*TRY IT*: For the data below, retype word for word the lines from the one containing "Roberts Duologic DAB 2009 manual cover" through the one containing "Unused 2025 Captok CK15 - Miniexcavadora: foto 1 Unused"; drop the pictures.

*** Opening SUPPLIED RECORDS ***

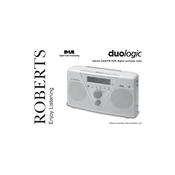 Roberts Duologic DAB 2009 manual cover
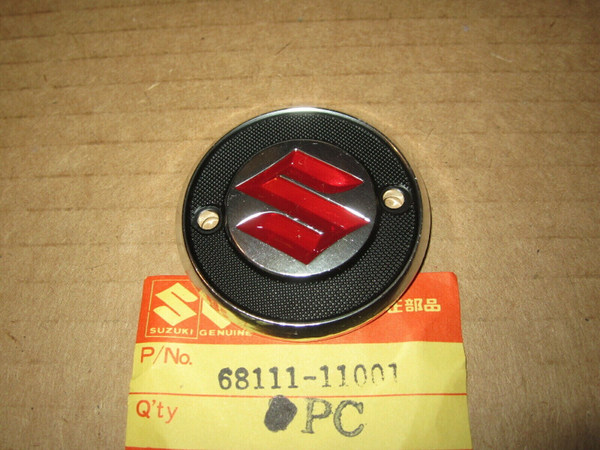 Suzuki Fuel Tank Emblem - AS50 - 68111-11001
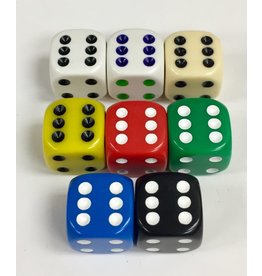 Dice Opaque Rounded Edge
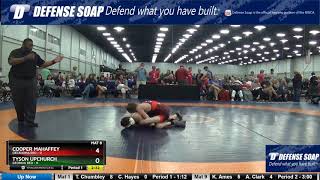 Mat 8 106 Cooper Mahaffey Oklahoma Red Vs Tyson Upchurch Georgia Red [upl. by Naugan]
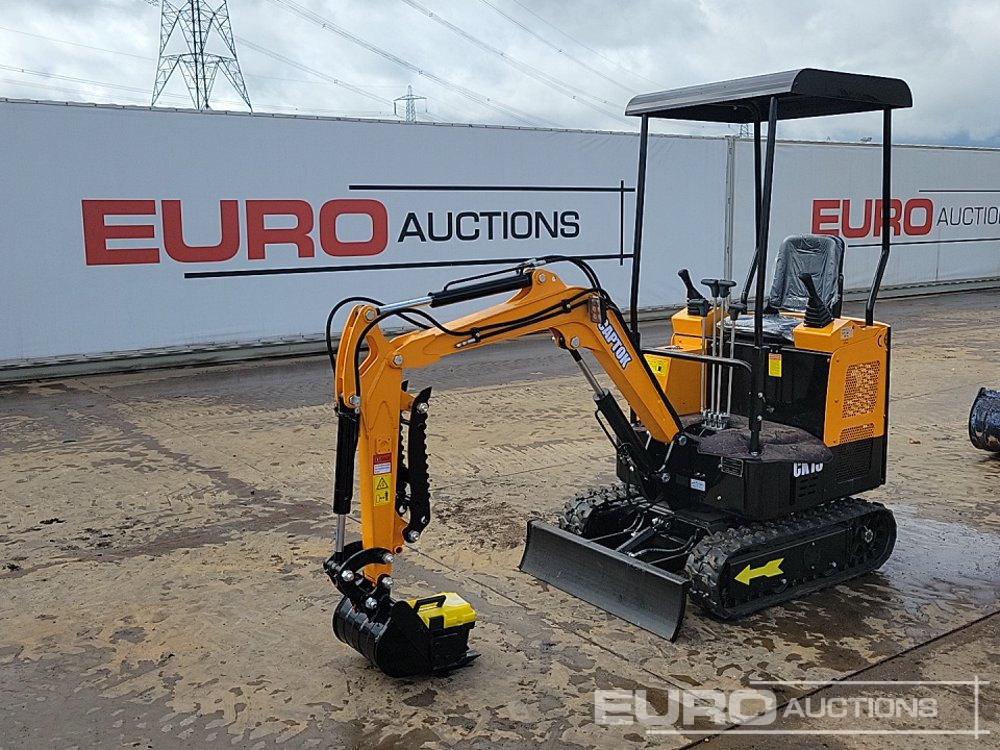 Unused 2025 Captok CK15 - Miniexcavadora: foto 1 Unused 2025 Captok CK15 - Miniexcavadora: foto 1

*** Closing SUPPLIED RECORDS ***
*** Opening SUPPLIED RECORDS ***

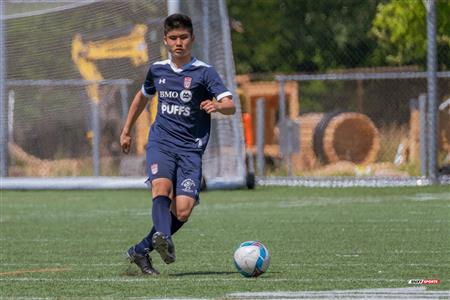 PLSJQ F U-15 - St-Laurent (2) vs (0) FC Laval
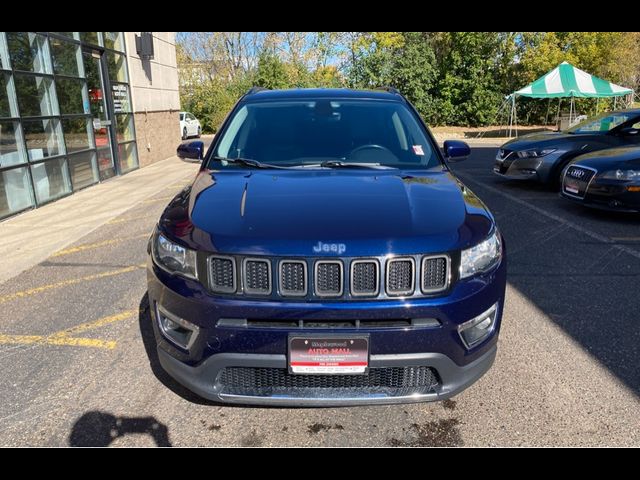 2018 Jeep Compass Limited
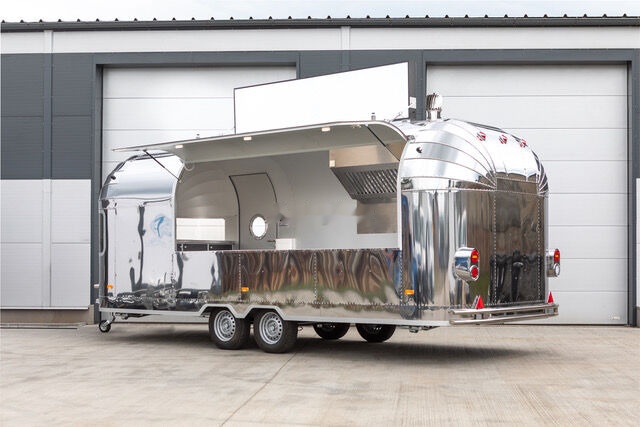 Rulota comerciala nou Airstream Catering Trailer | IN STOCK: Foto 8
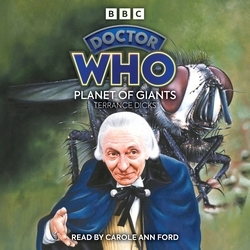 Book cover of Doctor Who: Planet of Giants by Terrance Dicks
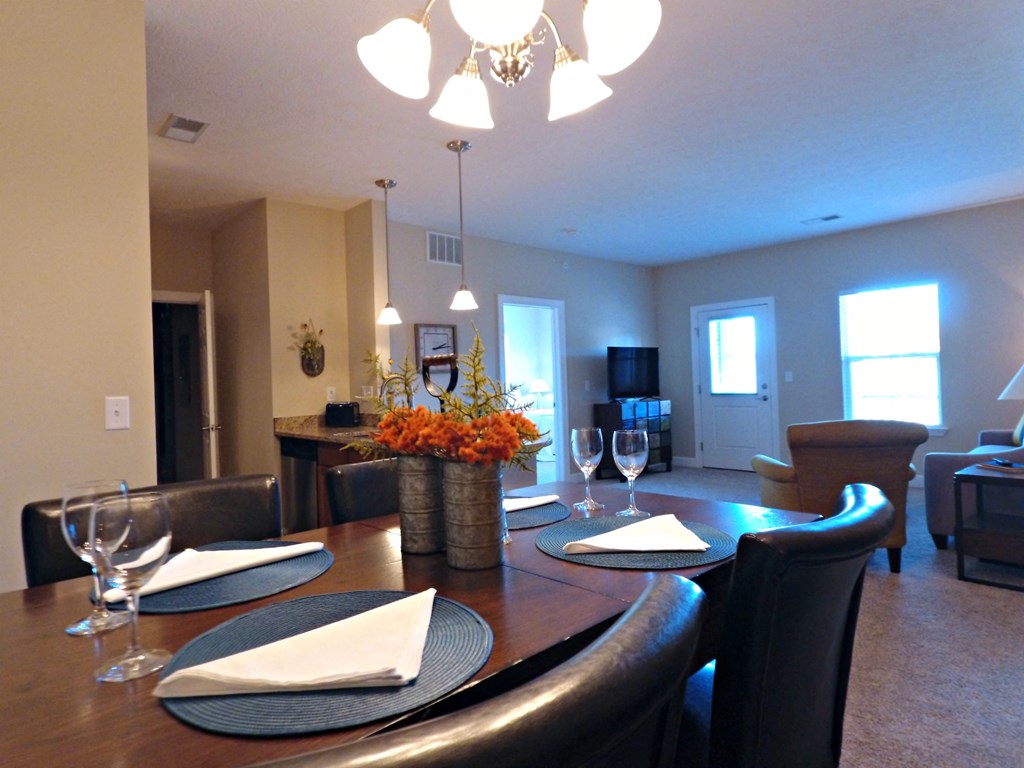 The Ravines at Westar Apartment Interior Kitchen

*** Closing SUPPLIED RECORDS ***

*TASK RESULT*:
 Roberts Duologic DAB 2009 manual cover
 Suzuki Fuel Tank Emblem - AS50 - 68111-11001
 Dice Opaque Rounded Edge
 Mat 8 106 Cooper Mahaffey Oklahoma Red Vs Tyson Upchurch Georgia Red [upl. by Naugan]
 Unused 2025 Captok CK15 - Miniexcavadora: foto 1 Unused 2025 Captok CK15 - Miniexcavadora: foto 1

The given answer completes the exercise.